Income Statement Second Quarter 2017 Compared to Second Quarter 2016
Net interest income decreased $45,000, or 1.2%, as the yield on loans decreased and the cost of funds increased from the second quarter of the prior year. The Company's net interest margin was 3.69% for the quarter ended June 30, 2017, compared to 3.92% for the quarter ended June 30, 2016, a decrease of 23 basis points. The Company's net interest margin decreased primarily due to a decline in the yield on loans and an increase in the cost of interest-bearing liabilities.
There was no provision for loan losses in the second quarter of the current year compared to an ($85,000) (credit) provision for loan losses in the second quarter of the prior year.
Non-interest income increased $7,000, or 0.8%, from the prior year primarily due to an increase in lease income of $31,000 and other service charges and fees of $29,000, offset by a decrease in gains on sale of securities of $55,000.
Non-interest expense decreased $177,000, or 5.2%, from the prior year primarily due to a decrease in other expenses of $78,000, a reduction in occupancy expenses of $46,000, and a decrease in personnel expense of $21,000.
Income Statement Current Year Compared to Prior Year
Net interest income decreased $128,000, or 1.6%, as the yield on loans decreased and the cost of funds increased from the prior year. The Company's net interest margin was 3.68% for the six months ended June 30, 2017, and 3.93% for the six months ended June 30, 2016, a decrease of 25 basis points. The Company's net interest margin decreased due to a decrease in the yield on average earning assets coupled with an increase in the cost of average interest-bearing liabilities.

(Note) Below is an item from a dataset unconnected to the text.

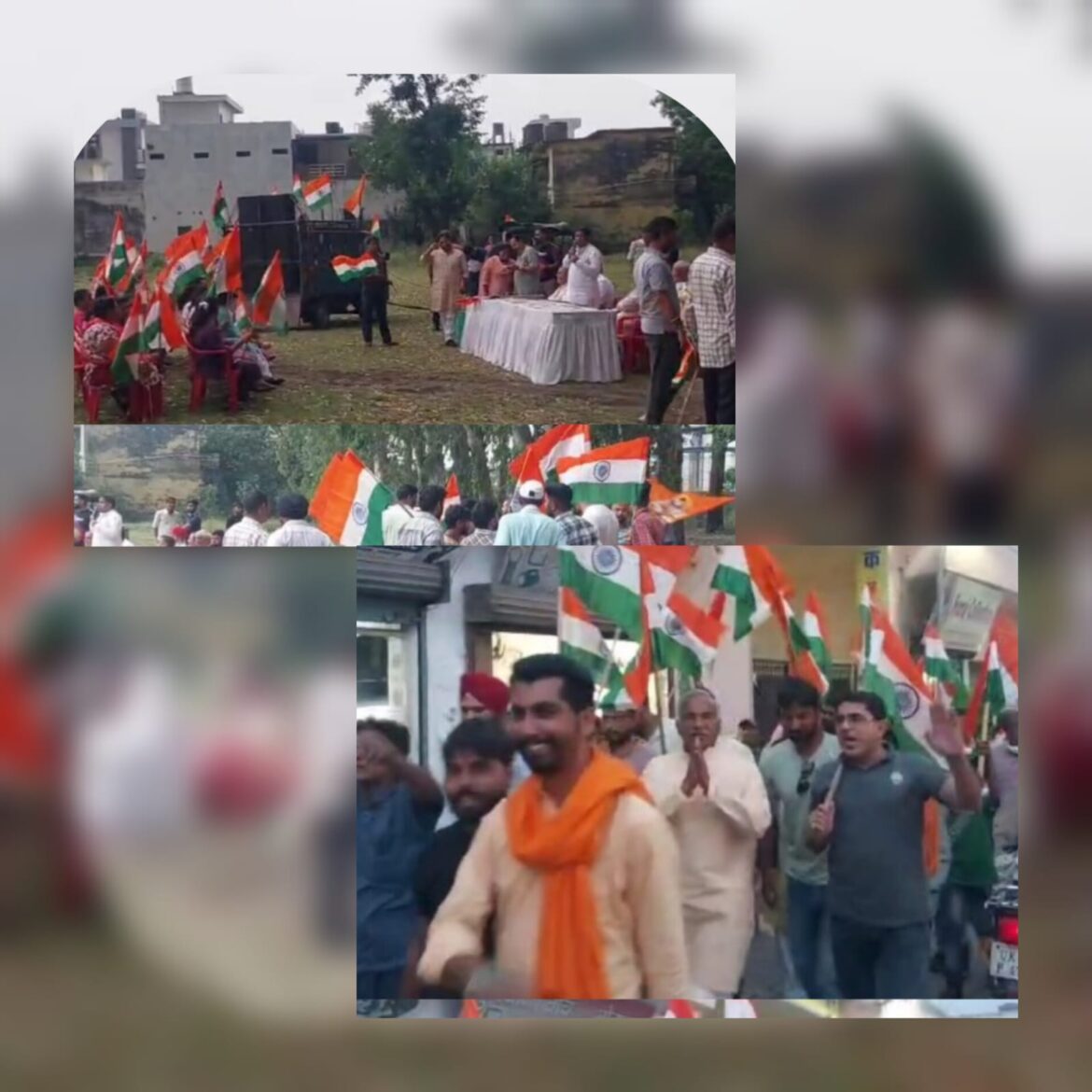 गदरपुर में भव्य तिरंगा यात्रा का आयोजन, सेना के सम्मान में जुटे सैकड़ों लोग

Non-interest income decreased $40,000, or 2.2%, primarily due to a reduction in gains on the sale of securities of $83,000 and a decrease in service charges on deposit accounts of $59,000, offset by an increase in other service charges and fees of $45,000 and lease income of $38,000.
Non-interest expense decreased $340,000, or 5.0%, primarily due to reductions in all categories of expenses, including $71,000 in personnel expenses and $68,000 in occupancy expenses. "We have been successful in lowering operating expenses which has contributed to the improvement of the overall profitability of the Company," Kanipe added.
Credit Quality
Non-performing assets totaled $2.9 million, or 0.63% of total assets, at June 30, 2017 compared to $23,000, or 0.01% of total assets at December 31, 2016, an increase of $2.9 million. Two agricultural-related credits were moved to non-accrual status during the first quarter of 2017.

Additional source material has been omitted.